Гендиректор «Яндекса» в России Елена Бунина в интервью РБК рассказала об отношении к желанию властей контролировать компанию и условии, при котором она превратится в унылый поисковик со слоганом «Яндекс — найдется что-нибудь»
За последний год инвесторы крупнейшего российского интернет-холдинга трижды столкнулись с резким падением его акций из-за потенциальной необходимости поменять структуру акционеров. В середине октября 2018 года появилась информация о возможном приобретении Сбербанком крупного пакета акций «Яндекса», это обвалило капитализацию почти на $3 млрд. Падение повторилось, когда появился законопроект о запрете для иностранцев владеть более 20% в новостных агрегаторах. В июле в Госдуму были внесены поправки о «значимых информационных ресурсах в интернете», которые требуют, чтобы иностранцам принадлежало не более 20% в компаниях, владеющих подобными ресурсами. Спустя несколько месяцев на новостях по мотивам обсуждения этого законопроекта на заседании профильного комитета в Госдуме капитализация компании 11 октября снизилась на $1,8 млрд, до $9,8 млрд.

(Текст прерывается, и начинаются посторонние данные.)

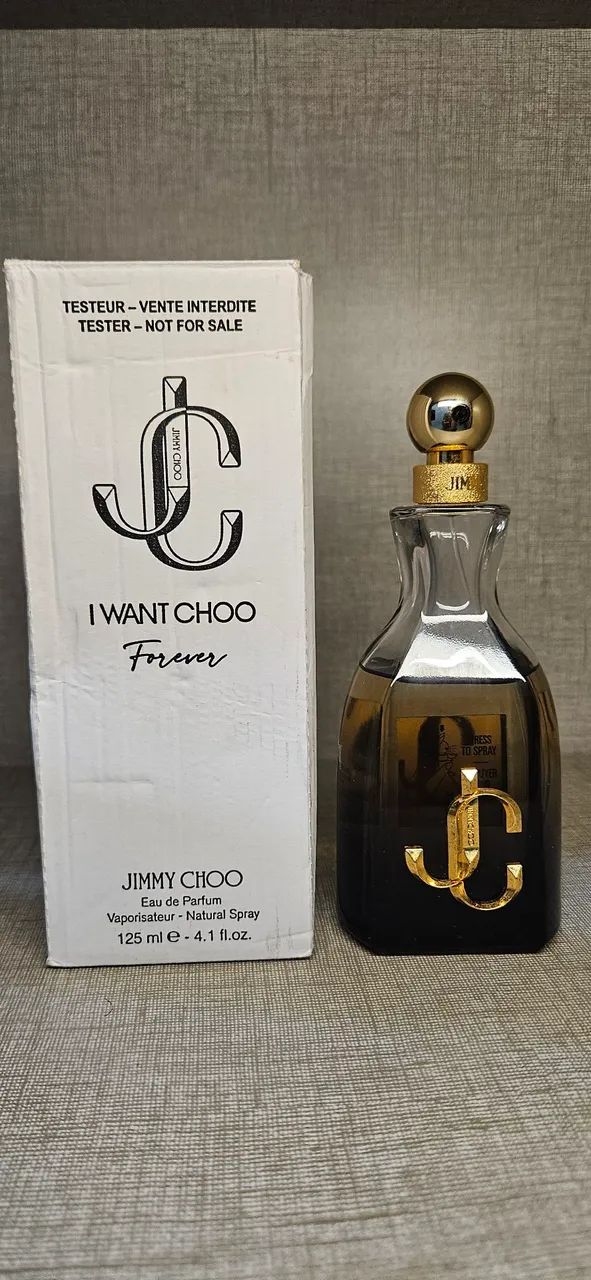 Jimmy Choo I Want Choo Forever - Jimmy Choo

— Вы видите связь между слухами о принуждении компании к продаже в пользу государства и законодательными инициативами, которые предусматривают для «Яндекса» изменение структуры акционеров?
— На самом деле здесь несколько сплетенных между собой событий. Лет 15 назад казалось, что интернет и все компании этого сегмента — это эксперимент, игрушка и на них можно не обращать внимания. Интернет-компании сегодня — это не только «Яндекс» или Mail.Ru Group, а еще Сбербанк, X5 Retail Group, «Сибур» и так далее.
Процесс идет не только в России, вообще везде в мире. У всех государств возникло понимание, что интернет — нечто громадное и важное. Естественно, интерес к интернету у государств повысился. Это нормально. Пока государство придумывает, что делать, появляется много разных законодательных проектов, в том числе инициатива про значимые ресурсы. Но разумные люди понимают, что придумали что-то не то. Надо обсуждать и менять.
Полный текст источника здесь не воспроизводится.